Majorities of enrolled Veterans screened positive for comorbid depression and problematic substance use. Regarding the offered counseling, 80% of participants engaged in at least one session, with a mean of 3 sessions completed. Ninety percent of participants completed the postassessment.
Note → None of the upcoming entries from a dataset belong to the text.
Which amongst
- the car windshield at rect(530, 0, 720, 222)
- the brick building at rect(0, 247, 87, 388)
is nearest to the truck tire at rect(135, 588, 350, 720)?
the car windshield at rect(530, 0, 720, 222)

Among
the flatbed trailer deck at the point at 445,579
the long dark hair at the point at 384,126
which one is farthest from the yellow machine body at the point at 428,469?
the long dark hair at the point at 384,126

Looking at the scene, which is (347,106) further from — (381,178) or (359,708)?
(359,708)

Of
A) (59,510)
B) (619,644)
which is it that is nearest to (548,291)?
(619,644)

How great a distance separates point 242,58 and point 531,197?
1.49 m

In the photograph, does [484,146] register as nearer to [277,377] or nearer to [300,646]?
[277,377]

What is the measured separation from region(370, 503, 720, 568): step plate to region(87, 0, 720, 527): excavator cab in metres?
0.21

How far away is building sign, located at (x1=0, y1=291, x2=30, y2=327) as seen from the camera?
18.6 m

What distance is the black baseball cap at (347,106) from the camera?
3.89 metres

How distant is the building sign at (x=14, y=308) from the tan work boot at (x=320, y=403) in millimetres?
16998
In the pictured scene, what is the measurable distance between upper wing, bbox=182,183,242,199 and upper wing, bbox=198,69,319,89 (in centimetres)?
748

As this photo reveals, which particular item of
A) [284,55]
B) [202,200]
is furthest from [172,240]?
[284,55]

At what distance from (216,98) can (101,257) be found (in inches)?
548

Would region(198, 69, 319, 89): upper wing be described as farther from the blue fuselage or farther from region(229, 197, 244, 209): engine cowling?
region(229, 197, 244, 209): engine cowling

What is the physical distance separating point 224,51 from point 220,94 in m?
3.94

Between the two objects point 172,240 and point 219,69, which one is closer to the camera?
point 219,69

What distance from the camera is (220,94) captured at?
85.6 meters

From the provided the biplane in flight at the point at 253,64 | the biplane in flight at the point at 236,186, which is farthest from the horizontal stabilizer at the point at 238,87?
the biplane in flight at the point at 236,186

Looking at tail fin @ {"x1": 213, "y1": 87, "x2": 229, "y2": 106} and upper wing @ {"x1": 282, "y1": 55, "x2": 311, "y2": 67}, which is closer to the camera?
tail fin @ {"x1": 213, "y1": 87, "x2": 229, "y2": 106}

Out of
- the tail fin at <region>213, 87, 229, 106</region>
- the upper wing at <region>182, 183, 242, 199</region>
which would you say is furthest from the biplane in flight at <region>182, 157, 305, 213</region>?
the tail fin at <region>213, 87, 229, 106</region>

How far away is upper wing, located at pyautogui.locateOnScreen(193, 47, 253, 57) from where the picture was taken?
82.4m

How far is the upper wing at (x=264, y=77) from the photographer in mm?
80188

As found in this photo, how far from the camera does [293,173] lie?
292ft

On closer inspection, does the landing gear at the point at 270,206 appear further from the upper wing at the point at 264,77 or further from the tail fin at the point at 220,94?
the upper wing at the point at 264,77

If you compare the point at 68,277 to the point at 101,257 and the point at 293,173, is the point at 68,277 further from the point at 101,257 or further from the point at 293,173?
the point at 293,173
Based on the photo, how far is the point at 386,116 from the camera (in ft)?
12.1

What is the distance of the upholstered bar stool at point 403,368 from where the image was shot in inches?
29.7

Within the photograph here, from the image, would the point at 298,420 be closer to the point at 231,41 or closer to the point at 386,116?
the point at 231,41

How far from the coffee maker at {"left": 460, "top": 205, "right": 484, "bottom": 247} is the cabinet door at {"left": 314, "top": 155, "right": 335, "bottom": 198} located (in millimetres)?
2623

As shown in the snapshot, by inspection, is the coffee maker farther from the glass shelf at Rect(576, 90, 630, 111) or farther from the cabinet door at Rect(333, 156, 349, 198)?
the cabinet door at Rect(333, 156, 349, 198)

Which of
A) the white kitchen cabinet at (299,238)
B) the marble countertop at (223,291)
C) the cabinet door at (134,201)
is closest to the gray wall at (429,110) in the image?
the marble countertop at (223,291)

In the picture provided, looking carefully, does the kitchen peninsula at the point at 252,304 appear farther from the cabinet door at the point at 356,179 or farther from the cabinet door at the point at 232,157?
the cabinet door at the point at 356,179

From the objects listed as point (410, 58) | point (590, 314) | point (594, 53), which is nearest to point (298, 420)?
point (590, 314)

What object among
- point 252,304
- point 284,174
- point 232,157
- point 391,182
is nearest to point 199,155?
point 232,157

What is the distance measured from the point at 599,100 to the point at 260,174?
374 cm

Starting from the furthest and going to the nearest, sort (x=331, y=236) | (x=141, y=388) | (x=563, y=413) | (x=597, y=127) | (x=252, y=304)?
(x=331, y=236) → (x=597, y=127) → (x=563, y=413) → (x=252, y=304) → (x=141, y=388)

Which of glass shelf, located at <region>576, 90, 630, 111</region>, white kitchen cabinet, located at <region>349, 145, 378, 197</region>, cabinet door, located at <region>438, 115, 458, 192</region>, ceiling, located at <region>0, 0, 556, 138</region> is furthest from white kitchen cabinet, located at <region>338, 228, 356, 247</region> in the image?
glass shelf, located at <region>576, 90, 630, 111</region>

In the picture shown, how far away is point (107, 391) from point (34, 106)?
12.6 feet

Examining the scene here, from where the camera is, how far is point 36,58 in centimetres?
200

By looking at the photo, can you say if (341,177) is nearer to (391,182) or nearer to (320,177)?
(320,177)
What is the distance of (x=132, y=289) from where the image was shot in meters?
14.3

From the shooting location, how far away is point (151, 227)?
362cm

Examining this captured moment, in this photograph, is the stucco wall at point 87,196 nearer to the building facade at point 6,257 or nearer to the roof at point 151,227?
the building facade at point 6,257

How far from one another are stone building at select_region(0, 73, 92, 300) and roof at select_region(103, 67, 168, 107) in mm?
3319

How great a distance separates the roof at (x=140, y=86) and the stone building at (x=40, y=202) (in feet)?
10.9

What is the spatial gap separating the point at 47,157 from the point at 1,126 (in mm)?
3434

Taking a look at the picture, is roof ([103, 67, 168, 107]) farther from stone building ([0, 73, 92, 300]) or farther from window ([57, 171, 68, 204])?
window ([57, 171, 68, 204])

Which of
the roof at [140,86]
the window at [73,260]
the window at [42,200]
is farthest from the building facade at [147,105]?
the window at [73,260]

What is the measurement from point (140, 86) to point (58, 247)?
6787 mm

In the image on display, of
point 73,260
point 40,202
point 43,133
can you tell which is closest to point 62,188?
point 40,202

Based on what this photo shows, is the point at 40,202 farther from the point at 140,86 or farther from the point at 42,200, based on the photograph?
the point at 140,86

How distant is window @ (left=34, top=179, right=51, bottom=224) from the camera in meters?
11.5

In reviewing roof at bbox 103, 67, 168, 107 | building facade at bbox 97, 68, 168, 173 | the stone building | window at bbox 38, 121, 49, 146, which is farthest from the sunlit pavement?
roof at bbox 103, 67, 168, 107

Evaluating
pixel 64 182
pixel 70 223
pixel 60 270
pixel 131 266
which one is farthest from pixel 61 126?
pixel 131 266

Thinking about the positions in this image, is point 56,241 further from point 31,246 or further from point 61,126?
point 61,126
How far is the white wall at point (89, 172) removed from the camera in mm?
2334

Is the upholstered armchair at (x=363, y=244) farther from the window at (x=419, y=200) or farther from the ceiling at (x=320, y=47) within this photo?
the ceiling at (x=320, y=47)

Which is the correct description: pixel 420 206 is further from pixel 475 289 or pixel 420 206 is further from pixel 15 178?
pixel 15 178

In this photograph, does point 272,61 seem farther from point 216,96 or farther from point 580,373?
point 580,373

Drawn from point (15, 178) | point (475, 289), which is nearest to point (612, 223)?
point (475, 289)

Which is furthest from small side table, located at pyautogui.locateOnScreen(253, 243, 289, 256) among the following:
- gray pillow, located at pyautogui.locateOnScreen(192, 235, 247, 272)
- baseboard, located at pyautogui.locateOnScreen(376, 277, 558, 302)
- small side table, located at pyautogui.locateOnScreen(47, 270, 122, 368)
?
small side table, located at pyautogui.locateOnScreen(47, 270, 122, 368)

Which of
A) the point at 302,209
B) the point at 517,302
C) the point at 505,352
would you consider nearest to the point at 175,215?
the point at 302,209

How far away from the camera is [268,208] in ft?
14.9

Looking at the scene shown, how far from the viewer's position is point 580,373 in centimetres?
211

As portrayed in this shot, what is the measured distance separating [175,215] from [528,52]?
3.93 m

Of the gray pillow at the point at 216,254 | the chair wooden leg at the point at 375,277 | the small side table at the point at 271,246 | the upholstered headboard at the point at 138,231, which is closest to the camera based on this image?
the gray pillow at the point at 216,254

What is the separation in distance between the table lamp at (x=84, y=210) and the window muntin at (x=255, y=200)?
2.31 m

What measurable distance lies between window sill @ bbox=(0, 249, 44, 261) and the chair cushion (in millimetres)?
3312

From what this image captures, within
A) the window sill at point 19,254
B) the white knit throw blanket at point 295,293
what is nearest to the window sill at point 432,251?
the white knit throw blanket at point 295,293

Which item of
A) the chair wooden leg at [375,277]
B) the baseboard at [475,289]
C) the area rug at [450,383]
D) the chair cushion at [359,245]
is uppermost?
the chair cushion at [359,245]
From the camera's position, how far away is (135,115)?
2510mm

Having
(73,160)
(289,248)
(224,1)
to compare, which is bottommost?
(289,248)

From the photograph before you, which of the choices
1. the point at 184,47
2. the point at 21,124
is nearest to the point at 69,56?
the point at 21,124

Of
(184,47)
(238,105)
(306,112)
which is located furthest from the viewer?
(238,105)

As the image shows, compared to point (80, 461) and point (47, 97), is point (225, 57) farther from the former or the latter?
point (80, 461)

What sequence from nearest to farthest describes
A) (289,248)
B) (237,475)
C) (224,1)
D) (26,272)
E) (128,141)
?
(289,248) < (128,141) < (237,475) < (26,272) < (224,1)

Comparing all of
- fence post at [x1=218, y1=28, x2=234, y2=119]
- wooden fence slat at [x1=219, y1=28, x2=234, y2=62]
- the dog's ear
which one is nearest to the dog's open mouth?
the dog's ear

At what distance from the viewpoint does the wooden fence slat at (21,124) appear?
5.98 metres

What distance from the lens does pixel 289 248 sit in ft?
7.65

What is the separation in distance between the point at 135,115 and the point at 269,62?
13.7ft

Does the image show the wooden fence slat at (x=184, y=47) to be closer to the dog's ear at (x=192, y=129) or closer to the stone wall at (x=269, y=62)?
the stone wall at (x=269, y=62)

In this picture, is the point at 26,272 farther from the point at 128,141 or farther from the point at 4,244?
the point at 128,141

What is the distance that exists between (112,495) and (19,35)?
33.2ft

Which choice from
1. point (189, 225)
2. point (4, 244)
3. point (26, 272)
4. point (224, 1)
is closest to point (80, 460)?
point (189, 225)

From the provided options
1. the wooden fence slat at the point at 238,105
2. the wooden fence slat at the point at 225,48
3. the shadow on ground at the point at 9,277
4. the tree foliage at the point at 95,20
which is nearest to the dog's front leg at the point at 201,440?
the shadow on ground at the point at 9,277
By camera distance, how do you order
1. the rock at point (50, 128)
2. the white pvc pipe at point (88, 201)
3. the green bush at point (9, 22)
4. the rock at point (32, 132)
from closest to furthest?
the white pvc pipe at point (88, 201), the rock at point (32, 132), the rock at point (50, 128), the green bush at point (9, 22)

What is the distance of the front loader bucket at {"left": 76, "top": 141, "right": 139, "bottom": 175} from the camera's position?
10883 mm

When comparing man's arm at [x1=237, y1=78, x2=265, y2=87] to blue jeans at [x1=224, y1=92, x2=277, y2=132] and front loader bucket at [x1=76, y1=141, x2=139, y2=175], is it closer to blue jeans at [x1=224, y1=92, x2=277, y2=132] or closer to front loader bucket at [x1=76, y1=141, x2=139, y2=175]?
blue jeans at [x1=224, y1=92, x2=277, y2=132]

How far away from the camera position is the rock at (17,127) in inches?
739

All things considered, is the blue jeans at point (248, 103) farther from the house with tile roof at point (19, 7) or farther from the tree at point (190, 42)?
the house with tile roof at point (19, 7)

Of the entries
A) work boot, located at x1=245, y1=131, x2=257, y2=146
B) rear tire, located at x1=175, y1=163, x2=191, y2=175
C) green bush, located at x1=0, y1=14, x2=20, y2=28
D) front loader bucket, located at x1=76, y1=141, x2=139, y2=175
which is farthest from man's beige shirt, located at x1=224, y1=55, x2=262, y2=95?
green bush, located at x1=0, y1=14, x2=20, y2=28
Numerically, most measures improved slightly from baseline to week 12. In semistructured interviews, participants described satisfaction with learning about new pain care services, obtaining assistance connecting to services, and receiving support from their counselors.

DISCUSSION

It was feasible to deliver SBIRT-PM to Veterans across New England to promote engagement in multimodal pain treatment and to track study outcomes over 12 weeks. Preliminary results suggest SBIRT-PM was well-received and has promise for the targeted outcomes.

摘要

目的

肌肉骨骼疾病常导致退伍军人出现慢性疼痛。慢性疼痛使患者有滥用药物的风险,因此需要对这两种情况进行早期干预。这项试点研究测试了对疼痛管理的筛查、简短干预和转介治疗(SBIRT-PM)的可行性和可接受性,以帮助因肌肉骨骼疼痛寻求残疾补偿的退伍军人参与多模式疼痛治疗,并在有需要时减少危险的物质使用。

方法

本试点研究纳入了来自新英格兰 8 个医疗中心的 40 名退伍军人,他们最多参加了 4 次基于电话的咨询,采用动机访谈框架。咨询提供了关于多模式疼痛治疗的教育,并促进了其参与。研究资格要求退伍军人参与的退伍军人事务部(VA)疼痛治疗方式不超过 2 种,研究参与包括 12 周的后续评估和关于咨询过程的半结构化访谈。

结果

大多数入组的退伍军人筛查出共病性抑郁和有问题的物质使用。关于所提供的咨询,80%的参与者至少参加了一次,平均完成了 3 次。90%的参与者完成了后续评估。从基线到第 12 周,大多数指标略有改善。在半结构化访谈中,参与者描述了对学习新的疼痛护理服务、获得帮助联系服务以及获得顾问支持的满意度。

讨论

在新英格兰向退伍军人提供 SBIRT-PM 以促进多模式疼痛治疗的参与并在 12 周内跟踪研究结果是可行的。初步结果表明,SBIRT-PM 受到了很好的欢迎,并有望实现目标结果。